===== DATA FOR THIS EXERCISE

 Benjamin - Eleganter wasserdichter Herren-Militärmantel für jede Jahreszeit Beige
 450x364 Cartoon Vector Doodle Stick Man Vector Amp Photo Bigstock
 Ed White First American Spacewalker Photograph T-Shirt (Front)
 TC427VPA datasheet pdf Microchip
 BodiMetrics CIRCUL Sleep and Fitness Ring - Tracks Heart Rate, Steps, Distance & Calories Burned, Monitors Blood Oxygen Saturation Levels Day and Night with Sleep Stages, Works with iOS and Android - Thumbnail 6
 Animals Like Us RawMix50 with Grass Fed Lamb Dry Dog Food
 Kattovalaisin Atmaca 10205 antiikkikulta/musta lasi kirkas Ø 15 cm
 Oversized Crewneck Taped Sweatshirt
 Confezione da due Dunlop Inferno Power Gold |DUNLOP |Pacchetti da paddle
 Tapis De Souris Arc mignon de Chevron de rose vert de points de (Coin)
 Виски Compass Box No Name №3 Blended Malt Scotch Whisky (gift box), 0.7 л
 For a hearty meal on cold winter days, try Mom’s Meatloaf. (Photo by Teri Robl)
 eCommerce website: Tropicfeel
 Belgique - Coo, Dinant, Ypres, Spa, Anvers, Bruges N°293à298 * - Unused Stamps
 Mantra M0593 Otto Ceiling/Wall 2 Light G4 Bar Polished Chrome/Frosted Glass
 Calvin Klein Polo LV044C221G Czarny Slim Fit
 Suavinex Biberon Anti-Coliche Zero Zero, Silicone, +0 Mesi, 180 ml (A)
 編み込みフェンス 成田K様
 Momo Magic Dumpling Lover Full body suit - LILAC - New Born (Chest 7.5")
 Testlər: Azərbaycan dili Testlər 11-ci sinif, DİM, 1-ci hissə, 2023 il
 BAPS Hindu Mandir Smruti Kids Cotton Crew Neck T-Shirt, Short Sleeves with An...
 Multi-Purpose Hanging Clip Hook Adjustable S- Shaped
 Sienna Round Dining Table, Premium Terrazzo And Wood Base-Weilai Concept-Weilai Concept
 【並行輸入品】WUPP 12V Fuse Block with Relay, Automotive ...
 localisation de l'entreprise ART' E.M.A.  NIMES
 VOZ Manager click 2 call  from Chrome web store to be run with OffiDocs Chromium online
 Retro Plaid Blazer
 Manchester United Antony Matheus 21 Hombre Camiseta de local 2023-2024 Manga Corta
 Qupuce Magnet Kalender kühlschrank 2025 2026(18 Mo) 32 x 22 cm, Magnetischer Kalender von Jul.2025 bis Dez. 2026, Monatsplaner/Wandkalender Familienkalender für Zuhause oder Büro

==========

(TRY IT) Transcribe the listing above line for line, from the first line to the line containing "Sienna Round Dining", inclusive, with no other lines.

(WRITTEN RESPONSE)
 Benjamin - Eleganter wasserdichter Herren-Militärmantel für jede Jahreszeit Beige
 450x364 Cartoon Vector Doodle Stick Man Vector Amp Photo Bigstock
 Ed White First American Spacewalker Photograph T-Shirt (Front)
 TC427VPA datasheet pdf Microchip
 BodiMetrics CIRCUL Sleep and Fitness Ring - Tracks Heart Rate, Steps, Distance & Calories Burned, Monitors Blood Oxygen Saturation Levels Day and Night with Sleep Stages, Works with iOS and Android - Thumbnail 6
 Animals Like Us RawMix50 with Grass Fed Lamb Dry Dog Food
 Kattovalaisin Atmaca 10205 antiikkikulta/musta lasi kirkas Ø 15 cm
 Oversized Crewneck Taped Sweatshirt
 Confezione da due Dunlop Inferno Power Gold |DUNLOP |Pacchetti da paddle
 Tapis De Souris Arc mignon de Chevron de rose vert de points de (Coin)
 Виски Compass Box No Name №3 Blended Malt Scotch Whisky (gift box), 0.7 л
 For a hearty meal on cold winter days, try Mom’s Meatloaf. (Photo by Teri Robl)
 eCommerce website: Tropicfeel
 Belgique - Coo, Dinant, Ypres, Spa, Anvers, Bruges N°293à298 * - Unused Stamps
 Mantra M0593 Otto Ceiling/Wall 2 Light G4 Bar Polished Chrome/Frosted Glass
 Calvin Klein Polo LV044C221G Czarny Slim Fit
 Suavinex Biberon Anti-Coliche Zero Zero, Silicone, +0 Mesi, 180 ml (A)
 編み込みフェンス 成田K様
 Momo Magic Dumpling Lover Full body suit - LILAC - New Born (Chest 7.5")
 Testlər: Azərbaycan dili Testlər 11-ci sinif, DİM, 1-ci hissə, 2023 il
 BAPS Hindu Mandir Smruti Kids Cotton Crew Neck T-Shirt, Short Sleeves with An...
 Multi-Purpose Hanging Clip Hook Adjustable S- Shaped
 Sienna Round Dining Table, Premium Terrazzo And Wood Base-Weilai Concept-Weilai Concept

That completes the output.